_What you are asked to do_
Print the data exactly as it appears, keeping every word.
··· Data excerpts
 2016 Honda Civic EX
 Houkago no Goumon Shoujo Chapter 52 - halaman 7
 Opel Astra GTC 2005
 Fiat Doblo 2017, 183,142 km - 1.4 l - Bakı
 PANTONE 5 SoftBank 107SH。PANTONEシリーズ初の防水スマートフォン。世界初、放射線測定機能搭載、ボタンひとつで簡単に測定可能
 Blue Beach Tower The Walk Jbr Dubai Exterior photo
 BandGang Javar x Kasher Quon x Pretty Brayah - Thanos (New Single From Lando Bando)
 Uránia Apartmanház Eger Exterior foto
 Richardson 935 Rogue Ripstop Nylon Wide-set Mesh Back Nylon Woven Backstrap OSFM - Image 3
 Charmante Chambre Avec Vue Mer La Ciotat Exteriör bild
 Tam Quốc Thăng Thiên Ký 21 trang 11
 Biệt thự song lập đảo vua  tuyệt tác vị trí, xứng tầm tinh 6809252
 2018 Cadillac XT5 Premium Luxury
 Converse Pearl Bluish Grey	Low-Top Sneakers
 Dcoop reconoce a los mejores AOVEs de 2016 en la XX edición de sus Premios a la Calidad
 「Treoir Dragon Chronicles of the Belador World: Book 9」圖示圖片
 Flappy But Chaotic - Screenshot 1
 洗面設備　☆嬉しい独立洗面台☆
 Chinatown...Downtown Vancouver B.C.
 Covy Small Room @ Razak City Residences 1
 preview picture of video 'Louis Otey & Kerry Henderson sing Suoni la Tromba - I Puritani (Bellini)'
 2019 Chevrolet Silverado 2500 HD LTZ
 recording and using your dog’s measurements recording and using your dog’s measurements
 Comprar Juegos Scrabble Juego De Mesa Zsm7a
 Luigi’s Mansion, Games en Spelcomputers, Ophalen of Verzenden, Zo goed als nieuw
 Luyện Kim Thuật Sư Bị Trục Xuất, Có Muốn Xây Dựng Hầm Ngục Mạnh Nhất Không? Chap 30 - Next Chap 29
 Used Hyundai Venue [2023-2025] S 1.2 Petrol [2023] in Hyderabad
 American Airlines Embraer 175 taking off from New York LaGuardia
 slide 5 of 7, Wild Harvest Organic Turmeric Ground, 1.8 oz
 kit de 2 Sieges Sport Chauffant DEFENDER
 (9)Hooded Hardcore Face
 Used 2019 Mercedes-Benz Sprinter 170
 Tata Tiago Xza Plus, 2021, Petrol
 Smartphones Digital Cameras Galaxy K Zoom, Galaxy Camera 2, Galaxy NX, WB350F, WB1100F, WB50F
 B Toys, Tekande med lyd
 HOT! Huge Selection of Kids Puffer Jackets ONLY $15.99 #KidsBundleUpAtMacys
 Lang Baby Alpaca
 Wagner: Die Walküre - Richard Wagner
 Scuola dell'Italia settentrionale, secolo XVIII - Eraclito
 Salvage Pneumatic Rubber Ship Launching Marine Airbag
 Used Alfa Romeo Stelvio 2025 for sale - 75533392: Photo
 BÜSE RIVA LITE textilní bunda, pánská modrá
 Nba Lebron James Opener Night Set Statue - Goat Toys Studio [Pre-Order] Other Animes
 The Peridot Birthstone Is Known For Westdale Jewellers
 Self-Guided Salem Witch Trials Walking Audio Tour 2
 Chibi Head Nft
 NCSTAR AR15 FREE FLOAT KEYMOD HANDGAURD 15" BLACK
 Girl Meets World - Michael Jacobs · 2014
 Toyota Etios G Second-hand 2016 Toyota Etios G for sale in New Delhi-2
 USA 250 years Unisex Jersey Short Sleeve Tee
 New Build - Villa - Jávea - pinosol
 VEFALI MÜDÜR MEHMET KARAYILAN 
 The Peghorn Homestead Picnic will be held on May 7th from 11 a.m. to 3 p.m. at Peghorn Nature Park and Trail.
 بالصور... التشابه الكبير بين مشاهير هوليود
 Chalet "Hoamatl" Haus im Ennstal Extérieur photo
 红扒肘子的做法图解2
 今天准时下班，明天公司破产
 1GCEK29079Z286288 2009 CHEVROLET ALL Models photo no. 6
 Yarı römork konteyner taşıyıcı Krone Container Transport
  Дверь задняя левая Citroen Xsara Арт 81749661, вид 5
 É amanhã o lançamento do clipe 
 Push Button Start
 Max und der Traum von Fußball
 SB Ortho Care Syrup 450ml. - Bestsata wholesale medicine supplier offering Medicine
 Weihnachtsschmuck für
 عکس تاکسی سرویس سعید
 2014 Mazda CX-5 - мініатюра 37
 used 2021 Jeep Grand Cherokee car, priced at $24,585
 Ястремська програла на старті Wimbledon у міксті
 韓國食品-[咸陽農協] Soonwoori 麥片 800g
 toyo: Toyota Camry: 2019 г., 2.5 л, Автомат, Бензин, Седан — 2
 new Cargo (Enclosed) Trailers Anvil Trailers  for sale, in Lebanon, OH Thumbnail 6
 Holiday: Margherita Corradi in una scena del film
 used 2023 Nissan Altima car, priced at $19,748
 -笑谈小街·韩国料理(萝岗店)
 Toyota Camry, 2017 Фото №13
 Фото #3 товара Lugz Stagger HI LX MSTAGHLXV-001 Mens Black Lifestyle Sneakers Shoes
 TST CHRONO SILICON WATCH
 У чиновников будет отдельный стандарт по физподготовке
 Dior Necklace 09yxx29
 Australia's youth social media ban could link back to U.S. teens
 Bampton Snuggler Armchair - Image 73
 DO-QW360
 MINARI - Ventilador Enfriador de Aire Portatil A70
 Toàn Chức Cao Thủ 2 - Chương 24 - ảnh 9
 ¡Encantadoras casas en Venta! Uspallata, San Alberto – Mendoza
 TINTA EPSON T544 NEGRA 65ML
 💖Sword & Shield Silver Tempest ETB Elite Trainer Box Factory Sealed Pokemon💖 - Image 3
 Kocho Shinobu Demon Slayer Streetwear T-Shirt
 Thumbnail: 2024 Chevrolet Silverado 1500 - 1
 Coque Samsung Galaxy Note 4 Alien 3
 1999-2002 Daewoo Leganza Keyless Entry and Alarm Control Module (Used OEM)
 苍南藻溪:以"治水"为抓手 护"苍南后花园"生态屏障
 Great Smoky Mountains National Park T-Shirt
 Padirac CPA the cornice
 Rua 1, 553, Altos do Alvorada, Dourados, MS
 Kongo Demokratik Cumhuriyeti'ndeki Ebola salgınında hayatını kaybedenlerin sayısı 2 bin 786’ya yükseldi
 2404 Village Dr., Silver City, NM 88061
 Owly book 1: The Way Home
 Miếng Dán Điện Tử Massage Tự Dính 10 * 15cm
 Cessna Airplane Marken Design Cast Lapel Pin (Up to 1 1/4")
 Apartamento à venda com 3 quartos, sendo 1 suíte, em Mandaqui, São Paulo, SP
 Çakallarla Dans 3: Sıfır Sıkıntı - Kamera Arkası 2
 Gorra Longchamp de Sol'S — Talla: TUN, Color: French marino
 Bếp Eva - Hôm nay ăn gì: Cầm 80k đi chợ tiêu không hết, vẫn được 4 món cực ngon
······
_Answer to the problem_
 2016 Honda Civic EX
 Houkago no Goumon Shoujo Chapter 52 - halaman 7
 Opel Astra GTC 2005
 Fiat Doblo 2017, 183,142 km - 1.4 l - Bakı
 PANTONE 5 SoftBank 107SH。PANTONEシリーズ初の防水スマートフォン。世界初、放射線測定機能搭載、ボタンひとつで簡単に測定可能
 Blue Beach Tower The Walk Jbr Dubai Exterior photo
 BandGang Javar x Kasher Quon x Pretty Brayah - Thanos (New Single From Lando Bando)
 Uránia Apartmanház Eger Exterior foto
 Richardson 935 Rogue Ripstop Nylon Wide-set Mesh Back Nylon Woven Backstrap OSFM - Image 3
 Charmante Chambre Avec Vue Mer La Ciotat Exteriör bild
 Tam Quốc Thăng Thiên Ký 21 trang 11
 Biệt thự song lập đảo vua  tuyệt tác vị trí, xứng tầm tinh 6809252
 2018 Cadillac XT5 Premium Luxury
 Converse Pearl Bluish Grey	Low-Top Sneakers
 Dcoop reconoce a los mejores AOVEs de 2016 en la XX edición de sus Premios a la Calidad
 「Treoir Dragon Chronicles of the Belador World: Book 9」圖示圖片
 Flappy But Chaotic - Screenshot 1
 洗面設備　☆嬉しい独立洗面台☆
 Chinatown...Downtown Vancouver B.C.
 Covy Small Room @ Razak City Residences 1
 preview picture of video 'Louis Otey & Kerry Henderson sing Suoni la Tromba - I Puritani (Bellini)'
 2019 Chevrolet Silverado 2500 HD LTZ
 recording and using your dog’s measurements recording and using your dog’s measurements
 Comprar Juegos Scrabble Juego De Mesa Zsm7a
 Luigi’s Mansion, Games en Spelcomputers, Ophalen of Verzenden, Zo goed als nieuw
 Luyện Kim Thuật Sư Bị Trục Xuất, Có Muốn Xây Dựng Hầm Ngục Mạnh Nhất Không? Chap 30 - Next Chap 29
 Used Hyundai Venue [2023-2025] S 1.2 Petrol [2023] in Hyderabad
 American Airlines Embraer 175 taking off from New York LaGuardia
 slide 5 of 7, Wild Harvest Organic Turmeric Ground, 1.8 oz
 kit de 2 Sieges Sport Chauffant DEFENDER
 (9)Hooded Hardcore Face
 Used 2019 Mercedes-Benz Sprinter 170
 Tata Tiago Xza Plus, 2021, Petrol
 Smartphones Digital Cameras Galaxy K Zoom, Galaxy Camera 2, Galaxy NX, WB350F, WB1100F, WB50F
 B Toys, Tekande med lyd
 HOT! Huge Selection of Kids Puffer Jackets ONLY $15.99 #KidsBundleUpAtMacys
 Lang Baby Alpaca
 Wagner: Die Walküre - Richard Wagner
 Scuola dell'Italia settentrionale, secolo XVIII - Eraclito
 Salvage Pneumatic Rubber Ship Launching Marine Airbag
 Used Alfa Romeo Stelvio 2025 for sale - 75533392: Photo
 BÜSE RIVA LITE textilní bunda, pánská modrá
 Nba Lebron James Opener Night Set Statue - Goat Toys Studio [Pre-Order] Other Animes
 The Peridot Birthstone Is Known For Westdale Jewellers
 Self-Guided Salem Witch Trials Walking Audio Tour 2
 Chibi Head Nft
 NCSTAR AR15 FREE FLOAT KEYMOD HANDGAURD 15" BLACK
 Girl Meets World - Michael Jacobs · 2014
 Toyota Etios G Second-hand 2016 Toyota Etios G for sale in New Delhi-2
 USA 250 years Unisex Jersey Short Sleeve Tee
 New Build - Villa - Jávea - pinosol
 VEFALI MÜDÜR MEHMET KARAYILAN 
 The Peghorn Homestead Picnic will be held on May 7th from 11 a.m. to 3 p.m. at Peghorn Nature Park and Trail.
 بالصور... التشابه الكبير بين مشاهير هوليود
 Chalet "Hoamatl" Haus im Ennstal Extérieur photo
 红扒肘子的做法图解2
 今天准时下班，明天公司破产
 1GCEK29079Z286288 2009 CHEVROLET ALL Models photo no. 6
 Yarı römork konteyner taşıyıcı Krone Container Transport
  Дверь задняя левая Citroen Xsara Арт 81749661, вид 5
 É amanhã o lançamento do clipe 
 Push Button Start
 Max und der Traum von Fußball
 SB Ortho Care Syrup 450ml. - Bestsata wholesale medicine supplier offering Medicine
 Weihnachtsschmuck für
 عکس تاکسی سرویس سعید
 2014 Mazda CX-5 - мініатюра 37
 used 2021 Jeep Grand Cherokee car, priced at $24,585
 Ястремська програла на старті Wimbledon у міксті
 韓國食品-[咸陽農協] Soonwoori 麥片 800g
 toyo: Toyota Camry: 2019 г., 2.5 л, Автомат, Бензин, Седан — 2
 new Cargo (Enclosed) Trailers Anvil Trailers  for sale, in Lebanon, OH Thumbnail 6
 Holiday: Margherita Corradi in una scena del film
 used 2023 Nissan Altima car, priced at $19,748
 -笑谈小街·韩国料理(萝岗店)
 Toyota Camry, 2017 Фото №13
 Фото #3 товара Lugz Stagger HI LX MSTAGHLXV-001 Mens Black Lifestyle Sneakers Shoes
 TST CHRONO SILICON WATCH
 У чиновников будет отдельный стандарт по физподготовке
 Dior Necklace 09yxx29
 Australia's youth social media ban could link back to U.S. teens
 Bampton Snuggler Armchair - Image 73
 DO-QW360
 MINARI - Ventilador Enfriador de Aire Portatil A70
 Toàn Chức Cao Thủ 2 - Chương 24 - ảnh 9
 ¡Encantadoras casas en Venta! Uspallata, San Alberto – Mendoza
 TINTA EPSON T544 NEGRA 65ML
 💖Sword & Shield Silver Tempest ETB Elite Trainer Box Factory Sealed Pokemon💖 - Image 3
 Kocho Shinobu Demon Slayer Streetwear T-Shirt
 Thumbnail: 2024 Chevrolet Silverado 1500 - 1
 Coque Samsung Galaxy Note 4 Alien 3
 1999-2002 Daewoo Leganza Keyless Entry and Alarm Control Module (Used OEM)
 苍南藻溪:以"治水"为抓手 护"苍南后花园"生态屏障
 Great Smoky Mountains National Park T-Shirt
 Padirac CPA the cornice
 Rua 1, 553, Altos do Alvorada, Dourados, MS
 Kongo Demokratik Cumhuriyeti'ndeki Ebola salgınında hayatını kaybedenlerin sayısı 2 bin 786’ya yükseldi
 2404 Village Dr., Silver City, NM 88061
 Owly book 1: The Way Home
 Miếng Dán Điện Tử Massage Tự Dính 10 * 15cm
 Cessna Airplane Marken Design Cast Lapel Pin (Up to 1 1/4")
 Apartamento à venda com 3 quartos, sendo 1 suíte, em Mandaqui, São Paulo, SP
 Çakallarla Dans 3: Sıfır Sıkıntı - Kamera Arkası 2
 Gorra Longchamp de Sol'S — Talla: TUN, Color: French marino
 Bếp Eva - Hôm nay ăn gì: Cầm 80k đi chợ tiêu không hết, vẫn được 4 món cực ngon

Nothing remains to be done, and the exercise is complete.